Forumgebruiker: sia_2

IN deze sectie we kijken hoe we vervorming kunnen voorkomen digitaal signaal geassocieerd met de transmissie ervan via een geleider op een printplaat. Hoewel dit in de eerste plaats een taak is voor de circuitingenieur, is ook de PCB-ontwerper vaak verantwoordelijk voor problemen met de signaaloverdracht op het bord, evenals overspraak en overspraak die op het bord optreedt.
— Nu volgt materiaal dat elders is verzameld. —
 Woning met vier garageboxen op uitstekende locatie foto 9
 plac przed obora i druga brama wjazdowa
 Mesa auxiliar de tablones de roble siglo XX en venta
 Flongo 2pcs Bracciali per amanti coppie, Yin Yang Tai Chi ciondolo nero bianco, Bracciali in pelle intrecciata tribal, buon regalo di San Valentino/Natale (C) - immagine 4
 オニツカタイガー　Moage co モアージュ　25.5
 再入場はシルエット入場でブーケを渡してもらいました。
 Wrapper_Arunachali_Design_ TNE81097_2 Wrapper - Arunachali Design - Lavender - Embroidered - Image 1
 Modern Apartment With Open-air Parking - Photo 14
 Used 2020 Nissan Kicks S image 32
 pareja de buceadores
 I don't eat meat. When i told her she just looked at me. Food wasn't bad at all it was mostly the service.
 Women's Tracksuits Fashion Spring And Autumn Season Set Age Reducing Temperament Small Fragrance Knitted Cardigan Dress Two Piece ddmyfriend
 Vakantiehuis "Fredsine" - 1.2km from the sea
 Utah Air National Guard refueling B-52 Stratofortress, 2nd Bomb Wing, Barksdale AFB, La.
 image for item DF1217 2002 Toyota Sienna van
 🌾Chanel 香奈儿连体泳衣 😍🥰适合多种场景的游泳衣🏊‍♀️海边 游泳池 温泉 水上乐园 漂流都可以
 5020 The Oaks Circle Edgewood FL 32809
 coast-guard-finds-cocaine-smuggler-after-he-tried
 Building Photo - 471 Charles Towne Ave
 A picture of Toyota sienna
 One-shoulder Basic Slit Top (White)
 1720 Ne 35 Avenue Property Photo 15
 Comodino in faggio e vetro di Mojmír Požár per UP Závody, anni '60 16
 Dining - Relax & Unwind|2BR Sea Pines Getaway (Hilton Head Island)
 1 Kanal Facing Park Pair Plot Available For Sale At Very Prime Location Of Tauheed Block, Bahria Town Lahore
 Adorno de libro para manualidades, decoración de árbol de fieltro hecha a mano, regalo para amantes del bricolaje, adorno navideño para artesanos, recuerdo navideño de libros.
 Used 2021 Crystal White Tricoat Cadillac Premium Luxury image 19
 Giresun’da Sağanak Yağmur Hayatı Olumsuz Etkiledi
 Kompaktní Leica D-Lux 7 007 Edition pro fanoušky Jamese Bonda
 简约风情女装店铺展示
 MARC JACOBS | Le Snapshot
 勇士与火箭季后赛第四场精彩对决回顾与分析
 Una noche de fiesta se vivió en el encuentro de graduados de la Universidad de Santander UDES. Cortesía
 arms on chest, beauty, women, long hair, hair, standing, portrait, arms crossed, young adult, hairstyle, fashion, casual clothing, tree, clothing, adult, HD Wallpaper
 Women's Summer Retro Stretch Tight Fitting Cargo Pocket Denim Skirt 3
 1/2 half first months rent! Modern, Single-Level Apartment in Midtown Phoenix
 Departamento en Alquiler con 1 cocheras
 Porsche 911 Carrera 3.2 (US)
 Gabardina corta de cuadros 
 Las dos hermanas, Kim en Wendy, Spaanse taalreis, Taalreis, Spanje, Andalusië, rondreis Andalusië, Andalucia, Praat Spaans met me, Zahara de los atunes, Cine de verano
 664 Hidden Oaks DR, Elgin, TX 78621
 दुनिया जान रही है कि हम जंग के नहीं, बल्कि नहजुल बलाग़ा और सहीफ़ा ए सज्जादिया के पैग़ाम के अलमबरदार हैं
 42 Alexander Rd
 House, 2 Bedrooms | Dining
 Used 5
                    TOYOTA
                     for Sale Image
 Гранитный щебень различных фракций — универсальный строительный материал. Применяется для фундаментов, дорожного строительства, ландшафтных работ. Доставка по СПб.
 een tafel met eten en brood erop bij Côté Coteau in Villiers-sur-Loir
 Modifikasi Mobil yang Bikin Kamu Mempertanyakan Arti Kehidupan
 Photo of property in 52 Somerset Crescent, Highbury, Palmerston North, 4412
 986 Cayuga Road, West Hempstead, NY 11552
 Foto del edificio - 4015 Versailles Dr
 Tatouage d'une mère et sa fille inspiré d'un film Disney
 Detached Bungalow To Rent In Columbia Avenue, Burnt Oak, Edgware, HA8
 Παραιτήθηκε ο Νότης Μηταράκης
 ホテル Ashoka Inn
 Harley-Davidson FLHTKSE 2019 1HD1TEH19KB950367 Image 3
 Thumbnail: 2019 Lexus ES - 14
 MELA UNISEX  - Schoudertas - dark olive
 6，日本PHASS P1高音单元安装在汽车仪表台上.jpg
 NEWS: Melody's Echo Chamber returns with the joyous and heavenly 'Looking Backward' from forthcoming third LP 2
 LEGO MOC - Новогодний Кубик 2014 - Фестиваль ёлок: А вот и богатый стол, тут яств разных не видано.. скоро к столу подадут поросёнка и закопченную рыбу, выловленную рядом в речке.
Waarom wordt het signaal vervormd tijdens de verzending?
Allereerst is vervorming kenmerkend voor hoogfrequente signalen, met een frequentie van 1 GHz of meer. Dit komt door de effecten van resonanties en reflecties op individuele draadsegmenten, via's, fan-outs op het bord en bij de ontvangeringangen. Het probleem is echter dat signalen met een frequentie tot 500 MHz, typisch voor standaard digitale circuits, zoals we later zullen zien, vaak aanzienlijk kunnen worden vervormd, wat betekent dat ze ook als hoogfrequent kunnen worden geclassificeerd.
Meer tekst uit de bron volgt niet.